Records for processing Block Start

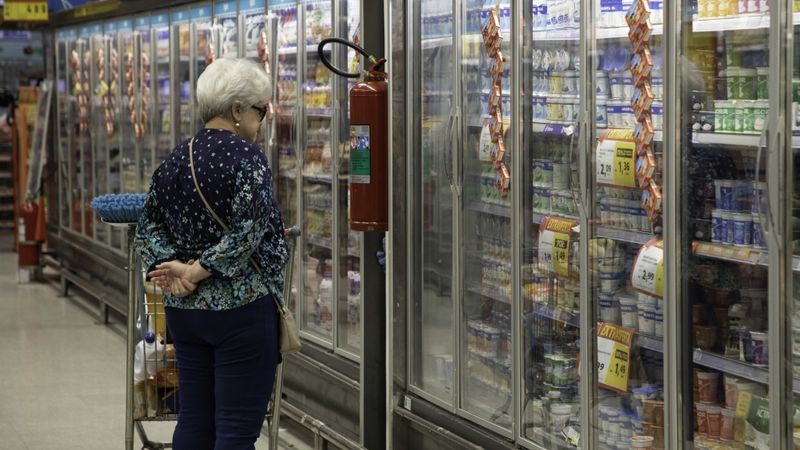 Eiropas inflācija un izaugsme zema, mazumtirdzniecībai - nedaudz labāk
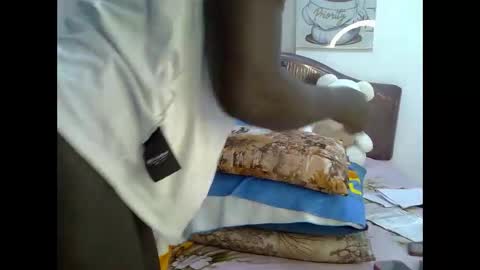 thickassvillageebony online show from 10, 4, 2026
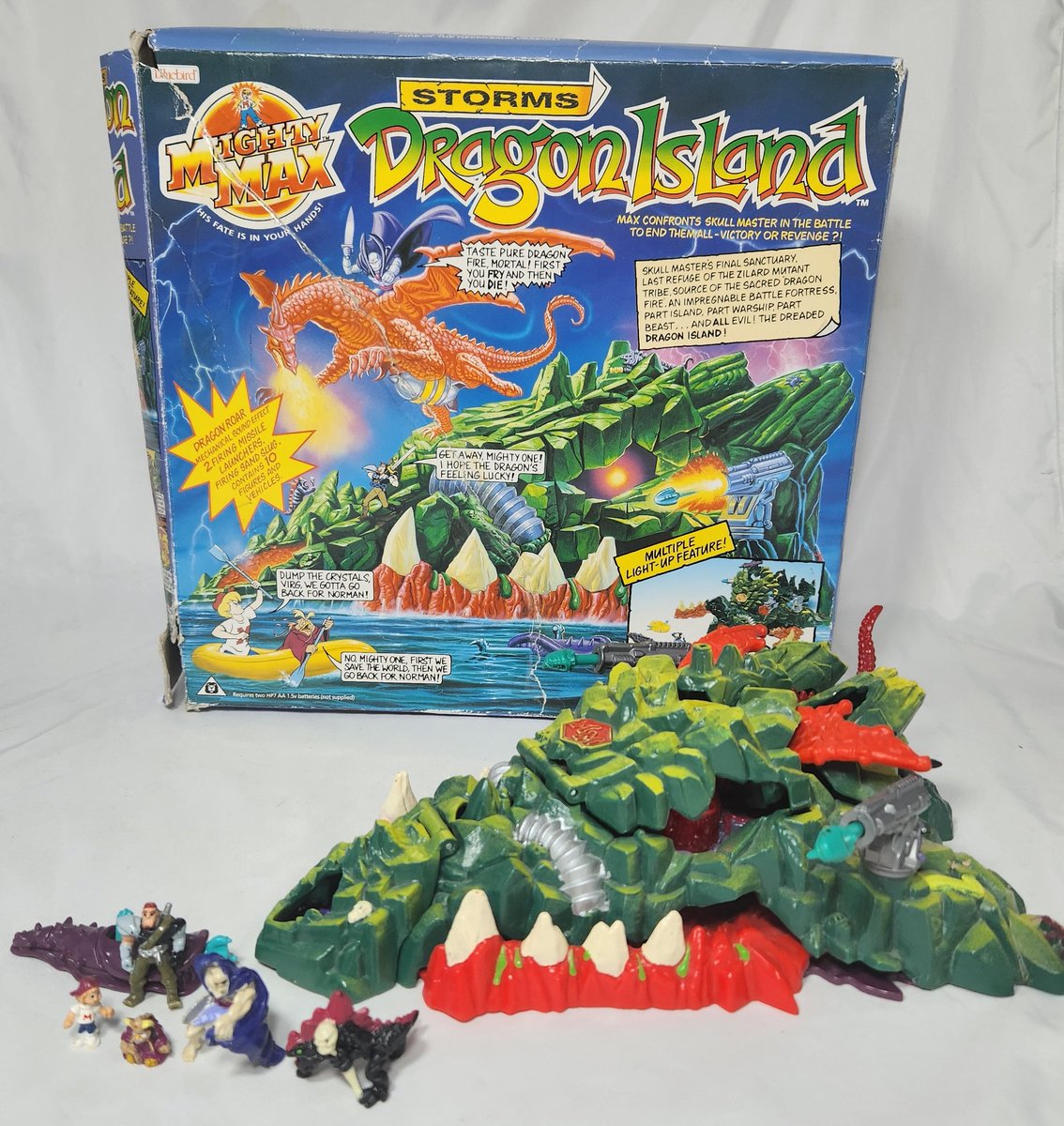 Happy Mighty Monday! 

What are we playing with first? 

#MightyMax #DragonIsland #SkullMountain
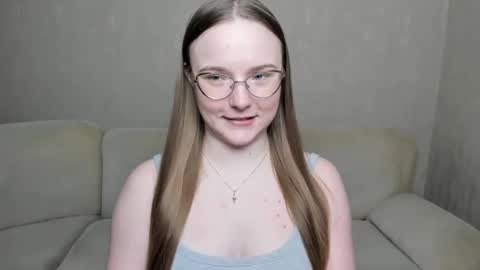 Snapshot of miya_mimi chatting on 12-14-24, 05:25 Miya online show from 12-14-24, 05:25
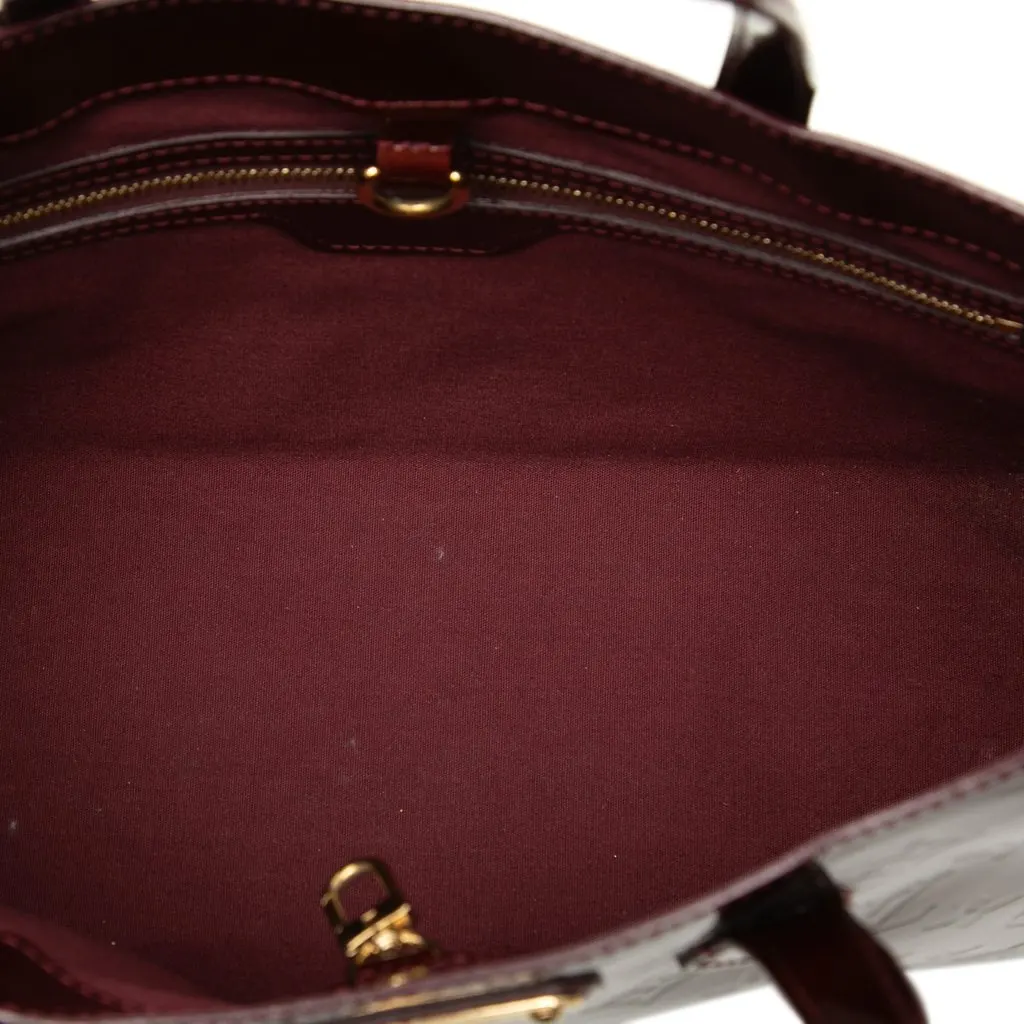 Louis Vuitton Monogram Vernis Wilshire PM Red Leather Very good - Model View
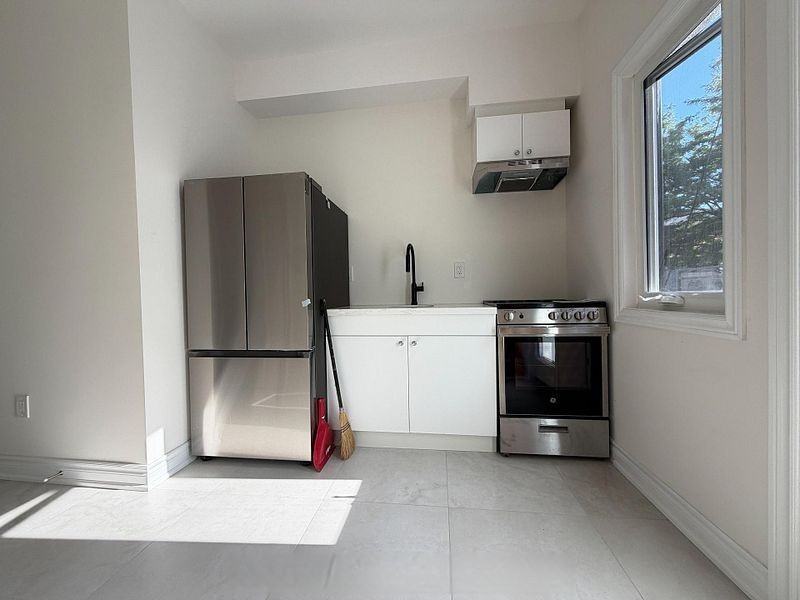 356 Huron Street - Photo 3 of 17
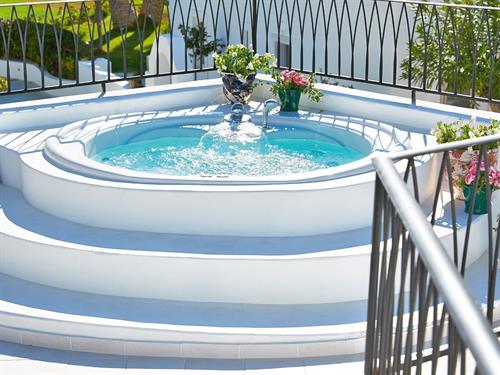 Grecotel Caramel Boutique Resort - Caramel Luxury Suite Private Outhdoor Hydro Massage Bathtub - 196200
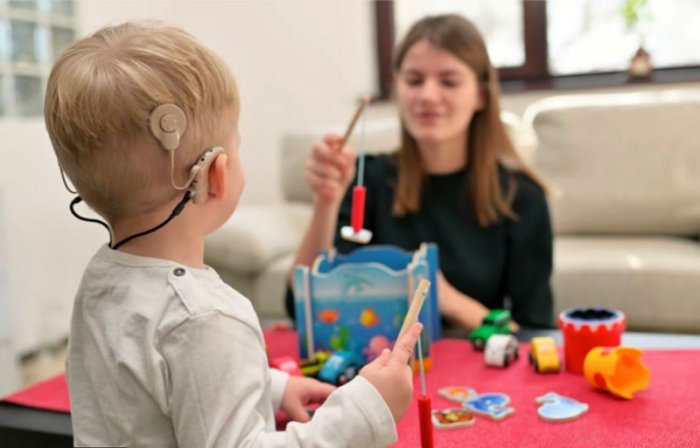 Ученые подарили слух глухим с рождения детям при помощи генной инженерии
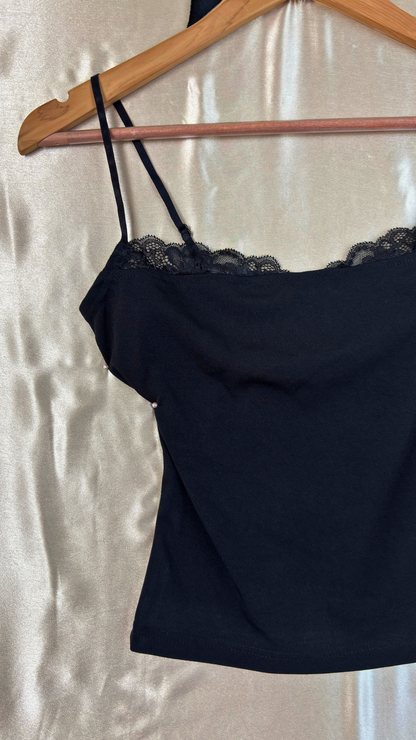 Lace Darling Top TRÈS FOU OR SOMETHING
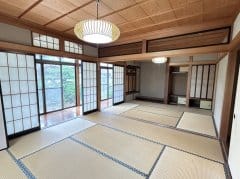 8帖の和室です。続き間のため、仕切り方によって個室としても広間としても利用しやすいレイアウトです。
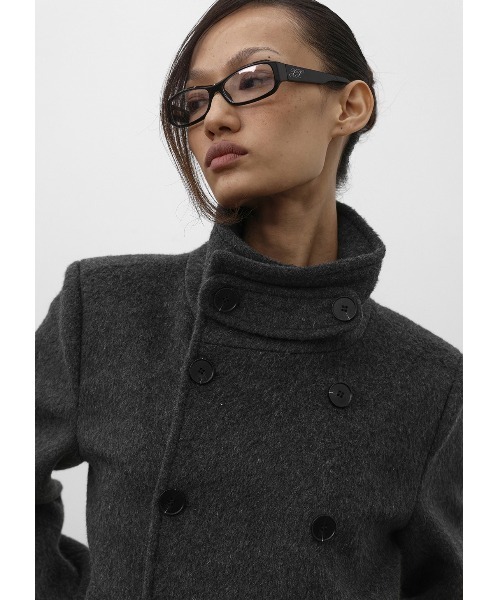 BLACKUP（ブラックアップ）の「[MADE] モルテダブルボタンスリムショートコート（その他アウター・レディース・チャコール/ブラック・MEDIUM/SMALL）」の5枚目の写真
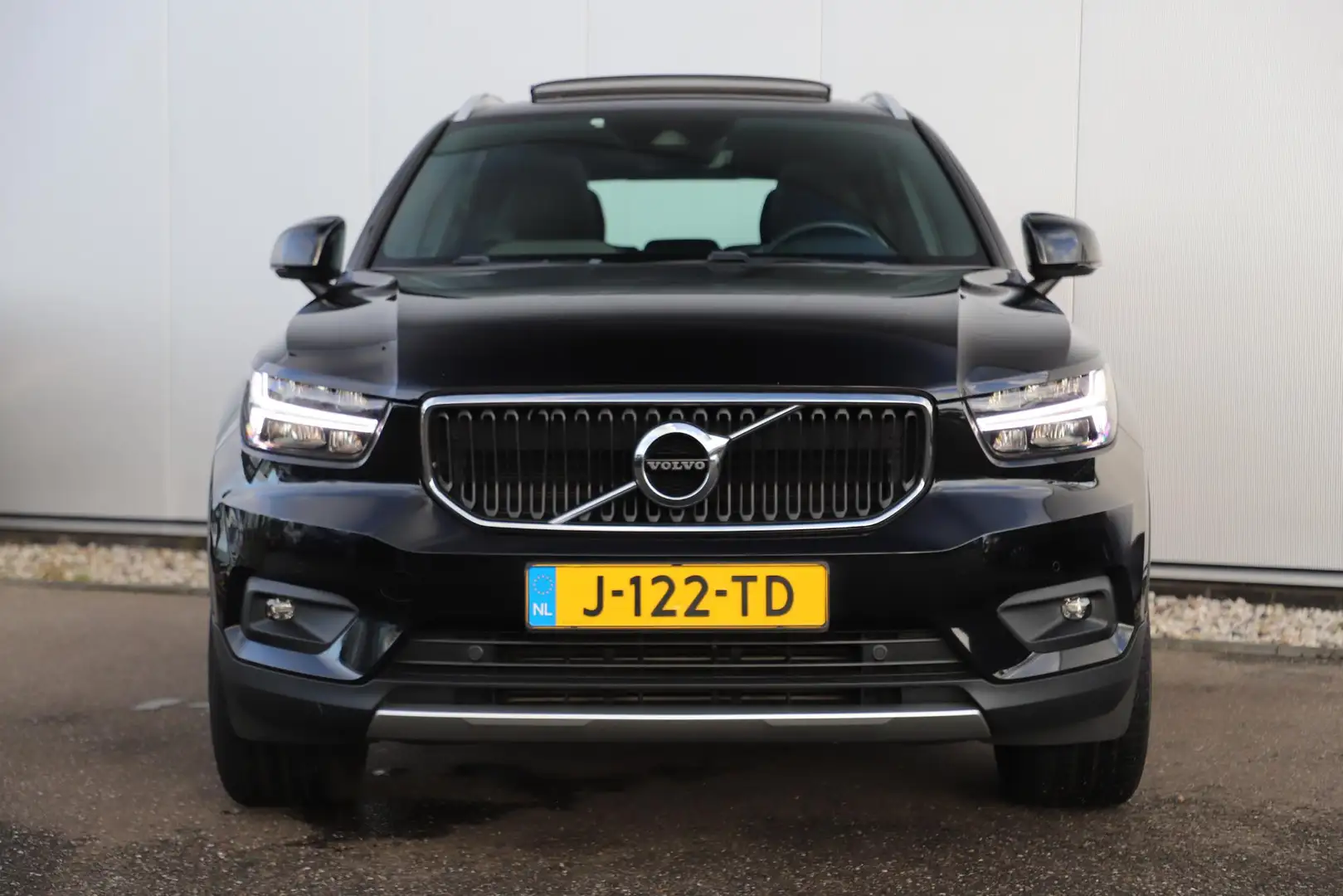 Volvo XC40 1.5 T2 Business Pro Automaat Panoramadak Sportstoe Negro - 2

Records for processing Block End

» Brief: Output nothing except the lines from the one containing "8帖の和室です。続き間のため" through the final line of the entries, repeated exactly and free of pictures.

» Exercise solution:
 8帖の和室です。続き間のため、仕切り方によって個室としても広間としても利用しやすいレイアウトです。
 BLACKUP（ブラックアップ）の「[MADE] モルテダブルボタンスリムショートコート（その他アウター・レディース・チャコール/ブラック・MEDIUM/SMALL）」の5枚目の写真
 Volvo XC40 1.5 T2 Business Pro Automaat Panoramadak Sportstoe Negro - 2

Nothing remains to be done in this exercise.